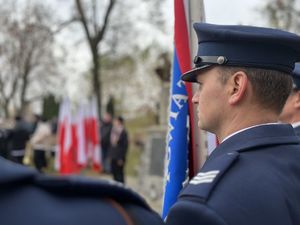 policjant z pocztu sztandarowego w tle flagi biało-czerwone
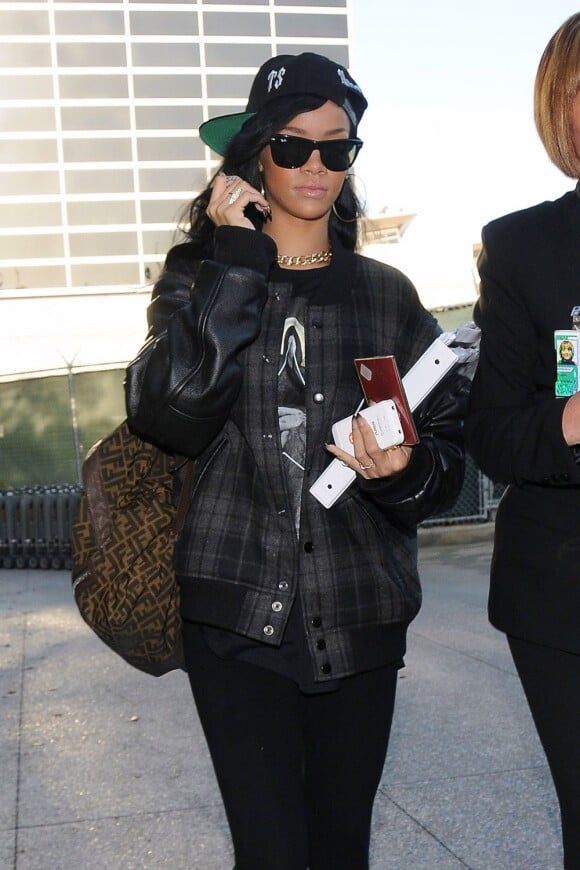 Rihanna à LAX, l'aéroport de Los Angeles, porte une casquette Trapstar, une veste APC pour Carhartt, un t-shirt Givenchy et un sac à dos Fendi. Los Angeles, le 12 avril 2012.
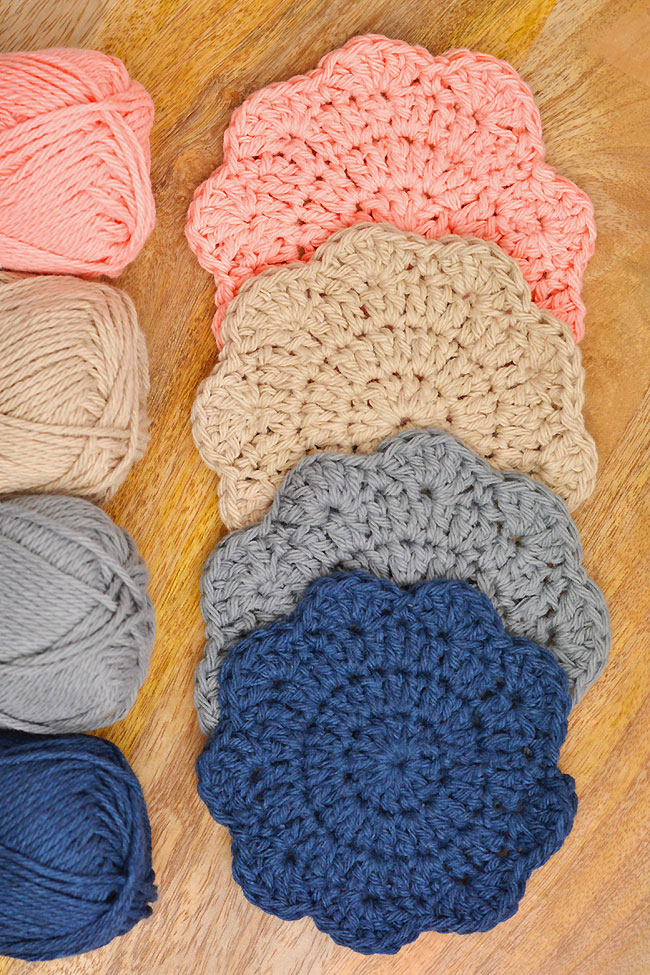 Crochet coasters with a flower petal scalloped edge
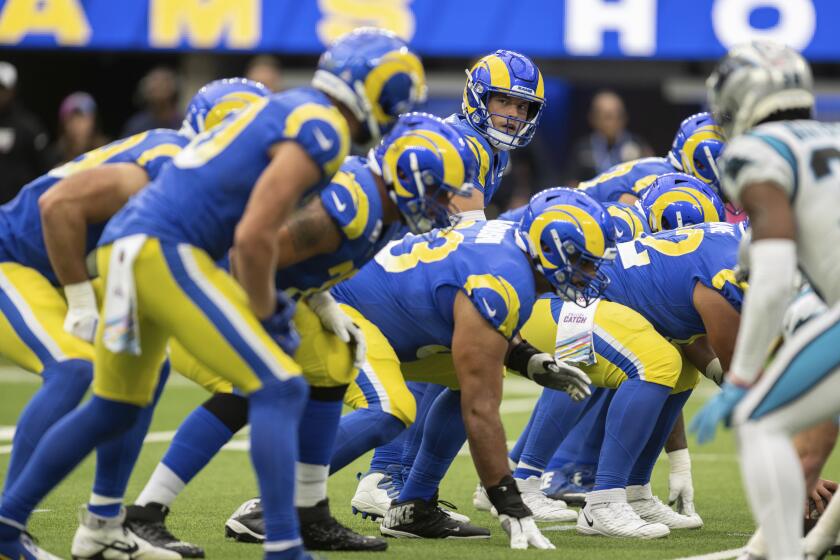 Los Angeles Rams quarterback Matthew Stafford (9) looks on from the scrimmage during an NFL football game against the Carolina Panthers Sunday, Oct. 16, 2022, in Inglewood, Calif. (AP Photo/Kyusung Gong)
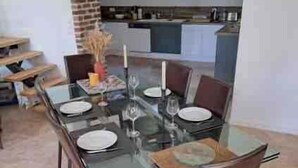 A dining area with a glass table, chairs, and a brick wall. - L'Écho de la Nature | Norman Farm • 1ha • Near Veules & Étretat (Sasseville)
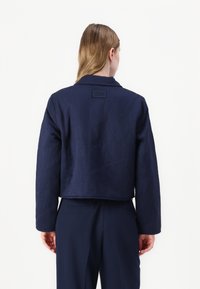 Kort navy jasje van geweven stof met een kraag en labeldetails aan de achterkant. Heeft lange mouwen en een rechte zoom.
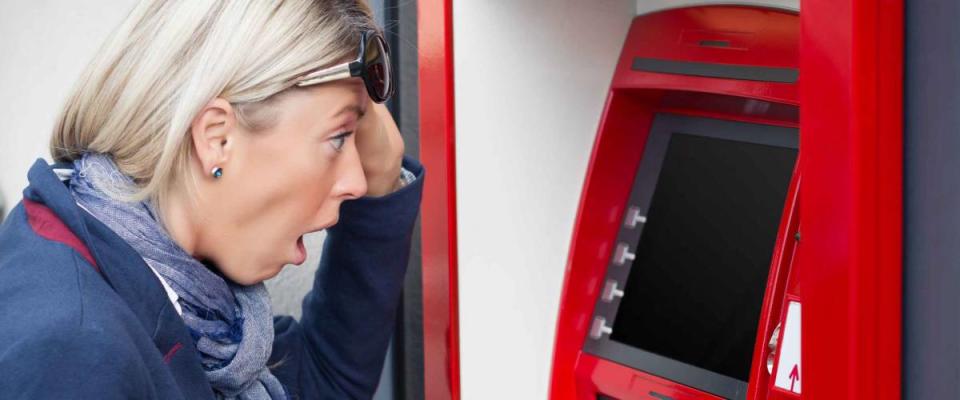 Shocked woman looking at her bank account balance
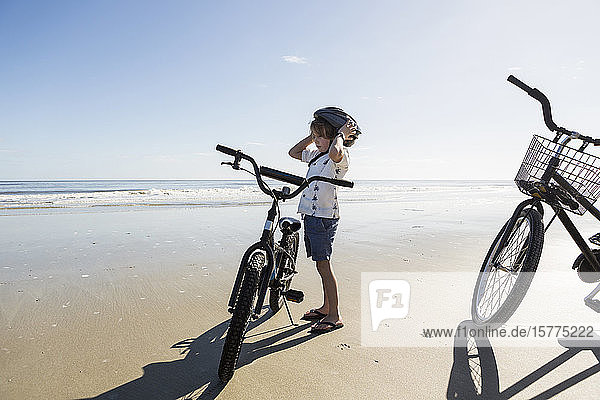 A boy putting on a cycle helmet on the beach  St. Simon's Island  Georgia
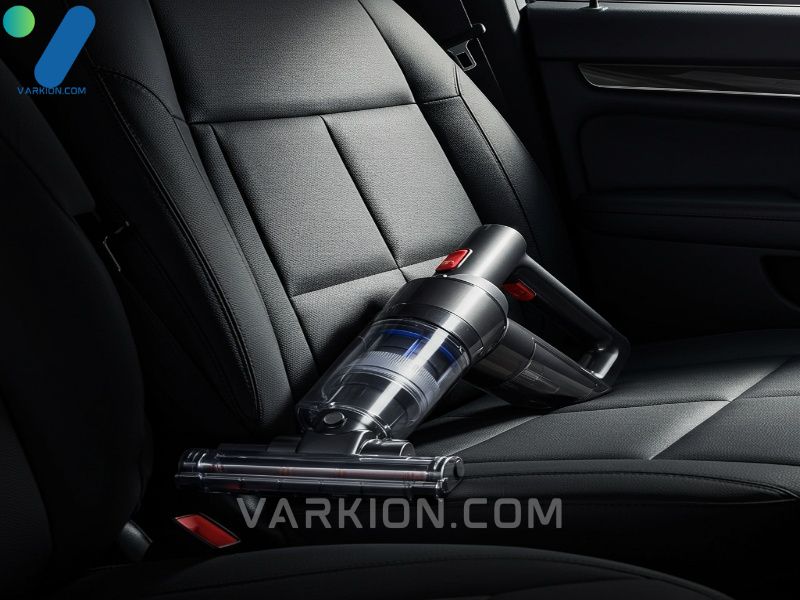 a-sleek-handheld-car-vacuum-rests-on-the-passenger-seat-of-a-pristine-sunlit-car-interior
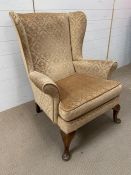 Parker Knoll wing back chair in gold fabric (H97cm)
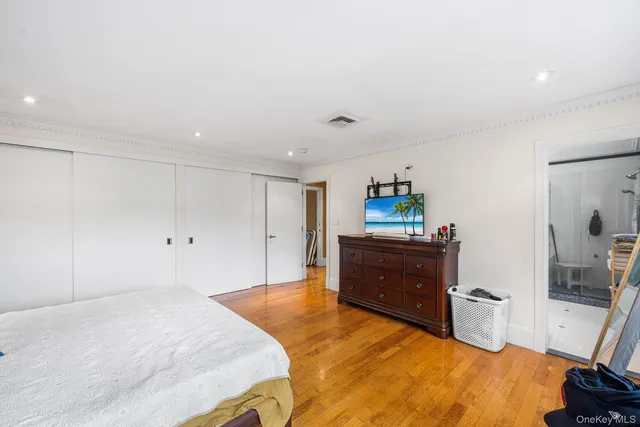 a bed room with a bed and a dresser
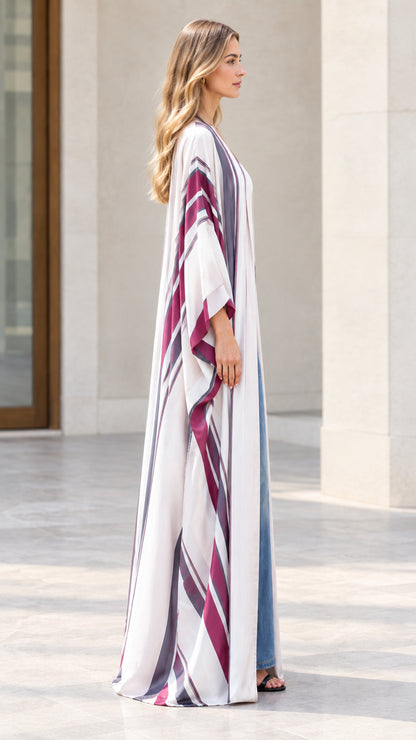 Side profile view of woman wearing flowing off-white striped maxi kimono cardigan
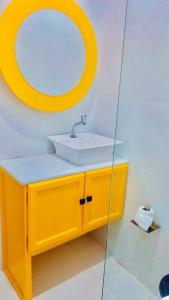 une salle de bains avec un lavabo jaune et un miroir dans l'établissement Casa de Praia Tutóia, à Tutóia 36 autres photos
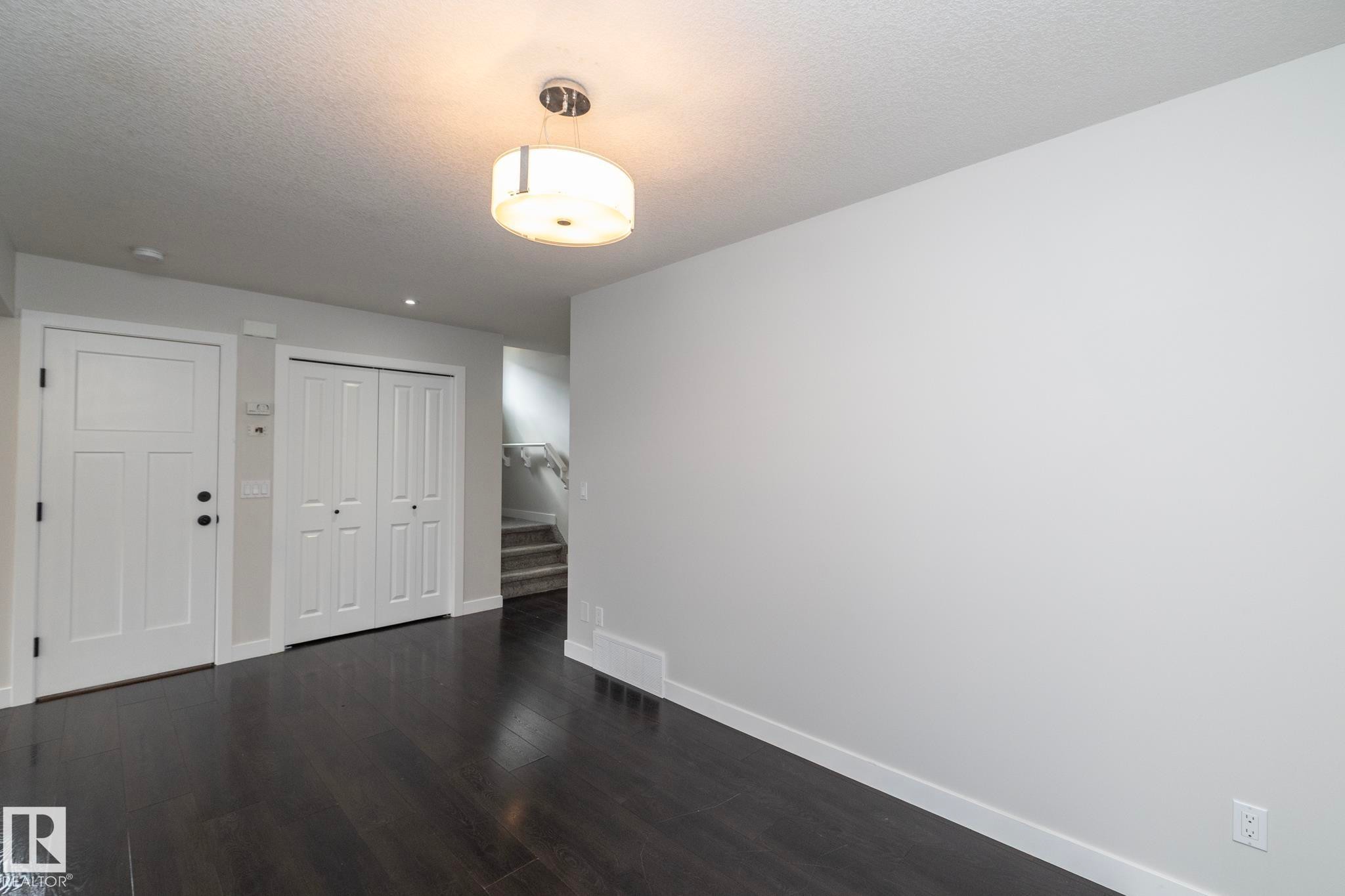 Dark wood-finish flooring, white paneled doors, and a contemporary ceiling light fixture - 55 Michigan Street, Devon, AB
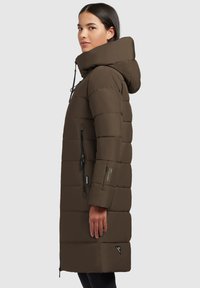 Manteau en duvet marron avec capuche, présentant un design matelassé, des zips sur les côtés et un logo accentué sur le bas à l'avant. Texture lisse et mate.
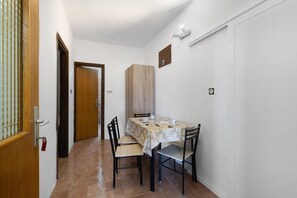 A dining area with a table set for two, chairs, a cabinet, and a door. - Apartment 'Volarić Pag' with Sea View, Balcony and Air Conditioning (Pag)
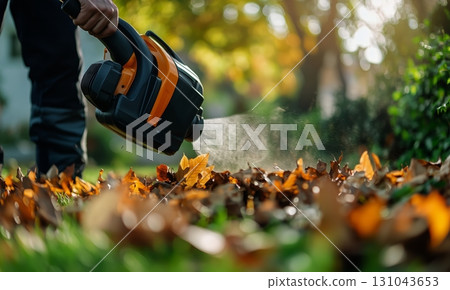 Autumn Cleanup With a Leaf Blower in a Sunny Garden. Autumn Cleanup With a Leaf Blower in a Sunny Garden. 131043653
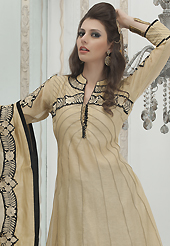 Outfit is a novel ways of getting yourself noticed. The dazzling fawn chanderi silk readymade churidar suit have amazing embroidery patch work is done with resham work. Beautiful embroidery work on kameez is stunning. The entire ensemble makes an excellent wear. Contrasting black santoon churidar and light fawn chiffon dupatta is available with this suit. Slight Color variations are possible due to differing screen and photograph resolutions.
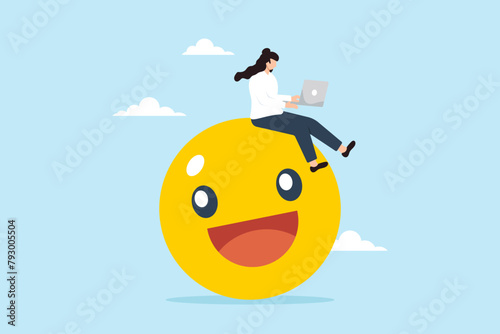 Businesswoman works on her laptop while sitting on smiling face emoji. Concept of finding joy and satisfaction in work, passion, enjoyment, positive relationship with company, and employee wellbeing © VZ_Art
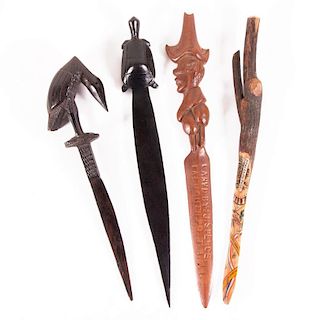 Four carved letter openers.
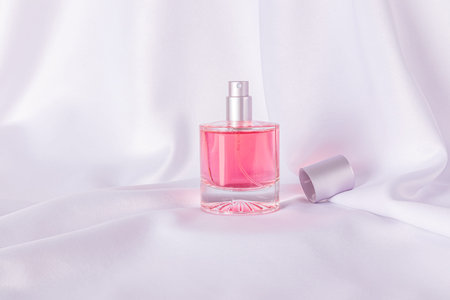 A chic bottle of women's perfume or cosmetic spray against a background of white satin folds. Front...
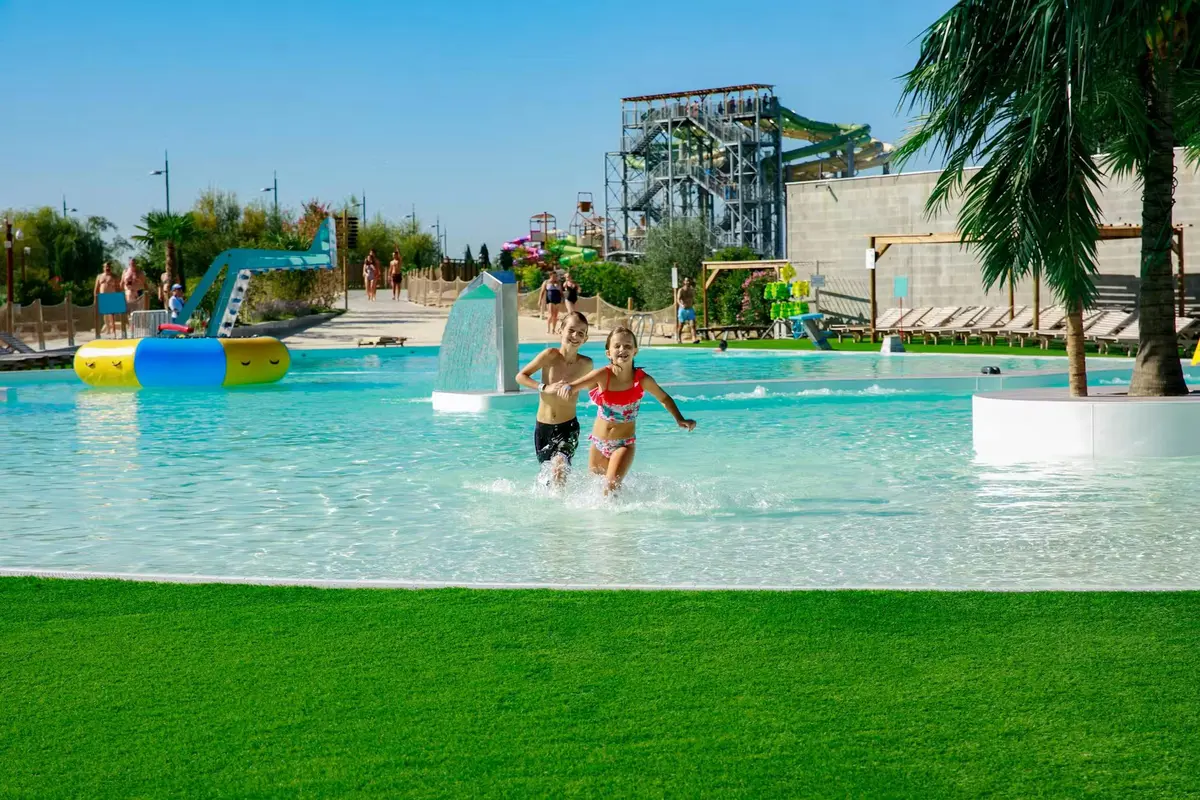 Deux enfants jouent dans une pataugeoire d'un parc aquatique, au milieu d'une végétation luxuriante, de toboggans et sous un ciel bleu.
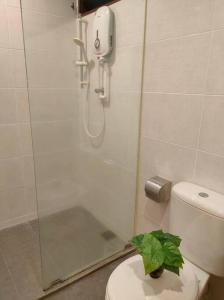 La salle de bains est pourvue d'une douche et de toilettes avec une plante. dans l'établissement PG56 Gurney Gleneagles Landed, à George Town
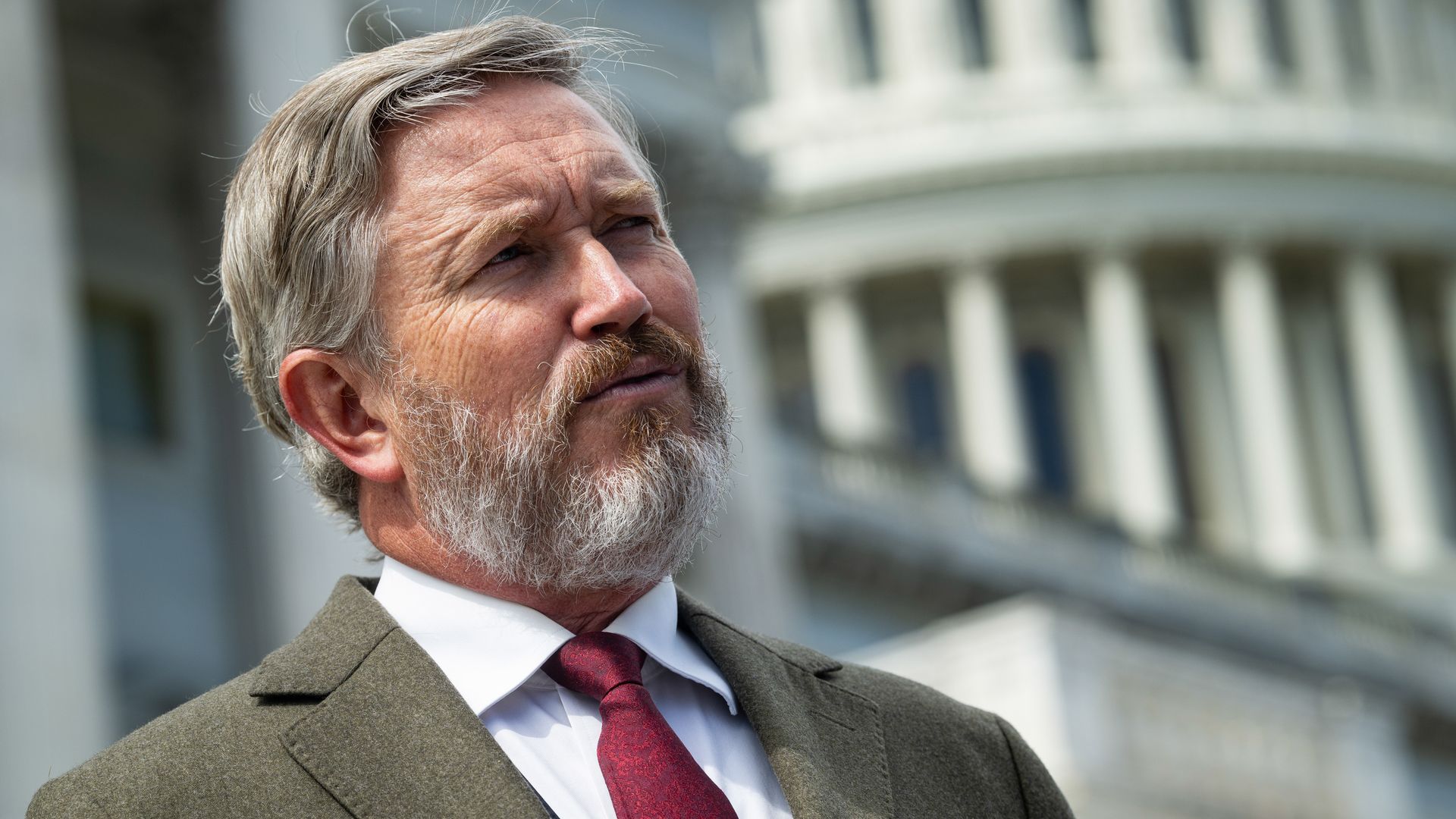 Close-up of an older man with gray hair and beard, wearing a brown suit and red tie, gazing upward. A pale, columned building is blurred in the background.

-*-*-

• THE PROBLEM:
Could you please write out exactly the lines from the start of the entries above through the line that holds "Side profile view", both included, with no pictures?

• SOLUTION TO THE PROBLEM:
 policjant z pocztu sztandarowego w tle flagi biało-czerwone
 Rihanna à LAX, l'aéroport de Los Angeles, porte une casquette Trapstar, une veste APC pour Carhartt, un t-shirt Givenchy et un sac à dos Fendi. Los Angeles, le 12 avril 2012.
 Crochet coasters with a flower petal scalloped edge
 Los Angeles Rams quarterback Matthew Stafford (9) looks on from the scrimmage during an NFL football game against the Carolina Panthers Sunday, Oct. 16, 2022, in Inglewood, Calif. (AP Photo/Kyusung Gong)
 A dining area with a glass table, chairs, and a brick wall. - L'Écho de la Nature | Norman Farm • 1ha • Near Veules & Étretat (Sasseville)
 Kort navy jasje van geweven stof met een kraag en labeldetails aan de achterkant. Heeft lange mouwen en een rechte zoom.
 Shocked woman looking at her bank account balance
 A boy putting on a cycle helmet on the beach  St. Simon's Island  Georgia
 a-sleek-handheld-car-vacuum-rests-on-the-passenger-seat-of-a-pristine-sunlit-car-interior
 Parker Knoll wing back chair in gold fabric (H97cm)
 a bed room with a bed and a dresser
 Side profile view of woman wearing flowing off-white striped maxi kimono cardigan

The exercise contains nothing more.